Bill Cara gets a email from a reader that hits the proverbial nail with the hammer.

We live in interesting times (as the Chinese curse has it), and in order to maneuvre and survive the shoals and rapids that lie in front of us, we have to understand them as they actually are. The prince, says Machiavelli (I paraphrase here; you can add bull and bear in substitution), is neither bold nor diffident simpliciter; rather, he is bold when boldness is required, and diffident when diffidence is called for. He sees reality as it is, without sentiment, without illusion, and he simply rides the waves -- he doesn't try to bully the wind, and he does not cower in the face of placid lakes. And this, of course, means seeing the world for what it is, rationally, objectively, dispassionately.
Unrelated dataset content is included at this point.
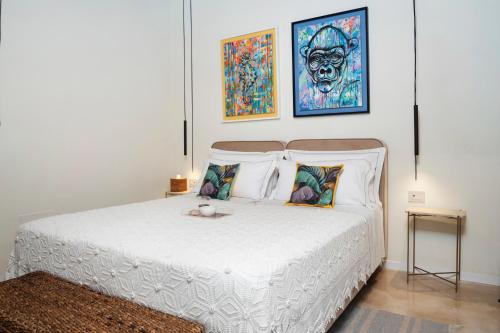 1 queen bed, 1 twin bed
This is the reason most of us gather at your site -- to trade insights and analysis. Very little is accomplished by giving vent to one's political passions -- even if you think you're 'right' -- because such discussions are inevitably shallow, superficial, resting upon unexamined and unacknowledged premises -- so that even if you've got (or think you've got) Truth 'by the balls', it's like throwing mud and sludge into the water you plan to drink. It does a great disservice to the community we're trying hard to build here.

The rhetoric emerging from Teheran is certainly frightening. But the rhetoric coming out of Washington -- and I speak as a political independent, with no discernible partisan leanings that I can detect -- and the chorus of its supporters in the media, is equally hard for me to fathom. There are profound risks afoot in the world; but current breathless attempts among certain individuals to fan yet another war hysteria (WWIII is already here, says Newt Gingrich?) corresponds to nothing in the objective reality that I can see -- Iran, whatever dangers it may ultimately pose, is not about to bomb Topeka in the next few days, or even years. And there are many disinterested, and fairly well informed and intelligent observers who find the arguments currently being made in Washington to be disingenuous -- to say the least.

But those are my views, and even these are matters that can and should be discussed in rational and measured tones. Ultimately, the greatest danger facing the world today is a certain rabid and rancid irrationalism that is sweeping the globe -- and that is armed to the teeth -- and that I find very frightening. I -- no, we here together -- may not be able to do much to stem the tides of history. But history itself will condemn us nonetheless, if we allow ourselves to get reduced, both as individuals and as a group (like the blinded chorus in an Ancient tragedy), to being merely cheering sections for the catastrophes that may lie before us.”